Dead disk during expansion

Failed expansion + dead disk = lost data

A few weeks ago I replaced one of the disks in my ReadyNAS NVX with a larger one. The expansion process seemed to complete successfully… This morning one of my disks went bad…maybe due to a brief power outage…The NAS appeared to just be in a weird state, so I powered it off cleanly, restarted it, and told it to do another scan.

Now the NAS is telling me that disk #1… is “spare”, not part of the RAID array. It says disk #3 — the one that appeared to fail this morning — is just gone. Since there are two “failed” disks, the array is “dead’ and my data is gone.

Is there anything I can do at this point?

Expansion is a fragile process. All the disks of the original set must be in perfect shape before expansion. Expansion (also called reshape, because the array geometry is changed) requires every sector on every disk to be first read and then written to.

Normally, the expansion process survives the power outage. It certainly does survive a normal shut down or an UPS-initiated shutdown. A smart UPS can tell the NAS that the power is lost and the NAS then proceeds to shut itself down without any human intervention. This is certainly not a problem. Sudden power cuts are more of a problem, but the damage, if any, is usually well contained.

However, a drive failure during expansion makes a rebuild tricky. Theoretically, the RAID is still redundant, because the reshape algorithm is designed to maintain redundancy throughout the process. In practice, once the drive fails, accounting for what is where and how to recompute data from the parity suddenly gets complicated. Any further failure results in a half-reshaped array which is a mess to fix and certainly beyond the abilities of automatic recovery.

What can be done to minimize the chance of the failure?

  1. Think twice if you need the expansion.

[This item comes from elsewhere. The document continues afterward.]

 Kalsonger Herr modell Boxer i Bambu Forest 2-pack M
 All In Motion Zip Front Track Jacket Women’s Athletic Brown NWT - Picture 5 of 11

The traditional way, used before the on-line expansion, is to back the data up, verify the backup, destroy the original  array, build a new array, copy the data back. This method still works.
  2. Have backup before expanding the array. Once you have a backup, there is no requirement to destroy the original array. You still have the expansion capability. If something goes wrong, you have a backup.
  3. If the data is not that valuable and a risk of losing it is deemed acceptable, make sure you check SMART status on all the array disks and do an extended test of the disks (if your NAS allows that).

Lenovo PX6-300D

This describes behavior of the PX6 6-bay Lenovo NAS with multiple disk failures,

I have px6-300D nas with 3TB X 6 drives. I configured it with Raid 5. Few Days back it was showing a message The amount of free space on your ‘Shares’ volume is below 5% of capacity. and asked to overwrite Drive 6…Then i contacted customer care they told that your few drives (3 or 4) has failed. … and go with some data recovery solution provide… If its NAS with raid protection my data must be protected. I really need my data back.

RAID protection is great but it has its limits. It does not protect against anything else than disk failure, and RAID5 only protects against a single disk failure. Multiple disks fail, down it goes.

Reconstucting restarts at 45% starts with 0.

That’s what it looks like when implemented by Lenovo. Other vendors will have different indications, but the end result is the same and the array cannot be rebuilt. Short of packing the disks for a data recovery service, what else can be done?

  1. Cheapest option is to remove all the disks from the NAS, clone them to a set of new disks of the same capacity, and put the clones back. The NAS will hopefully pick up the copies and completes the rebuild successfully.
  2. If the rebuild does not pick up, our Home NAS Recovery software can in all likelihood do the job.